Dataset records
Segment Open

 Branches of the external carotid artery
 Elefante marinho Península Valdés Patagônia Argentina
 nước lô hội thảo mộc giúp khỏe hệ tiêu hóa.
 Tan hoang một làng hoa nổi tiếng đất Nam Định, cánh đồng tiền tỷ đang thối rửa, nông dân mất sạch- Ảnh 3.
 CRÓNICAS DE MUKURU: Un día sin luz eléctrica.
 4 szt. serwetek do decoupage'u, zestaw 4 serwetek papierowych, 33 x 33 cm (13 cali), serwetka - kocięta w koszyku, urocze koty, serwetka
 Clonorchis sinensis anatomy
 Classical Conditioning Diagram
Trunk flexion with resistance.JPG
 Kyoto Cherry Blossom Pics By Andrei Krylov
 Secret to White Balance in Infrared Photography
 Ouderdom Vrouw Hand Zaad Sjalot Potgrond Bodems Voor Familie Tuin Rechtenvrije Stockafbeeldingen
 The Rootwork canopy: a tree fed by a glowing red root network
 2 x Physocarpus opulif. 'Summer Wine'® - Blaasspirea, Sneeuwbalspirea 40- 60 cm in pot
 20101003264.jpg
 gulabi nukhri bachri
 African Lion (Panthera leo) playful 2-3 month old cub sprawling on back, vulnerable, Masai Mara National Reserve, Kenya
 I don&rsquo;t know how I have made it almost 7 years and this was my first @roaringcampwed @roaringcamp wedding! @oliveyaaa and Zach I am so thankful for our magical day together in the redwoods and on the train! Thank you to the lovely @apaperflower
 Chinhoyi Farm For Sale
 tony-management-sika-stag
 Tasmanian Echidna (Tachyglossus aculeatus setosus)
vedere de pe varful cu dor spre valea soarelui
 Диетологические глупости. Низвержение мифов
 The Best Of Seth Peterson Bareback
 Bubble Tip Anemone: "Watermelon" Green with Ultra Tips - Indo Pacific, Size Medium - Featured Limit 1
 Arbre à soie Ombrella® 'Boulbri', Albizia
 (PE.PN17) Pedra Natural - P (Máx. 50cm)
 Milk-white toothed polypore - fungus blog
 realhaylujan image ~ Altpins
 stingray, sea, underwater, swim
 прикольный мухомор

Segment Closed

**WHAT IS EXPECTED**
Return the full data, every line of it, with nothing altered.

**WRITTEN ANSWER**
 Branches of the external carotid artery
 Elefante marinho Península Valdés Patagônia Argentina
 nước lô hội thảo mộc giúp khỏe hệ tiêu hóa.
 Tan hoang một làng hoa nổi tiếng đất Nam Định, cánh đồng tiền tỷ đang thối rửa, nông dân mất sạch- Ảnh 3.
 CRÓNICAS DE MUKURU: Un día sin luz eléctrica.
 4 szt. serwetek do decoupage'u, zestaw 4 serwetek papierowych, 33 x 33 cm (13 cali), serwetka - kocięta w koszyku, urocze koty, serwetka
 Clonorchis sinensis anatomy
 Classical Conditioning Diagram
Trunk flexion with resistance.JPG
 Kyoto Cherry Blossom Pics By Andrei Krylov
 Secret to White Balance in Infrared Photography
 Ouderdom Vrouw Hand Zaad Sjalot Potgrond Bodems Voor Familie Tuin Rechtenvrije Stockafbeeldingen
 The Rootwork canopy: a tree fed by a glowing red root network
 2 x Physocarpus opulif. 'Summer Wine'® - Blaasspirea, Sneeuwbalspirea 40- 60 cm in pot
 20101003264.jpg
 gulabi nukhri bachri
 African Lion (Panthera leo) playful 2-3 month old cub sprawling on back, vulnerable, Masai Mara National Reserve, Kenya
 I don&rsquo;t know how I have made it almost 7 years and this was my first @roaringcampwed @roaringcamp wedding! @oliveyaaa and Zach I am so thankful for our magical day together in the redwoods and on the train! Thank you to the lovely @apaperflower
 Chinhoyi Farm For Sale
 tony-management-sika-stag
 Tasmanian Echidna (Tachyglossus aculeatus setosus)
vedere de pe varful cu dor spre valea soarelui
 Диетологические глупости. Низвержение мифов
 The Best Of Seth Peterson Bareback
 Bubble Tip Anemone: "Watermelon" Green with Ultra Tips - Indo Pacific, Size Medium - Featured Limit 1
 Arbre à soie Ombrella® 'Boulbri', Albizia
 (PE.PN17) Pedra Natural - P (Máx. 50cm)
 Milk-white toothed polypore - fungus blog
 realhaylujan image ~ Altpins
 stingray, sea, underwater, swim
 прикольный мухомор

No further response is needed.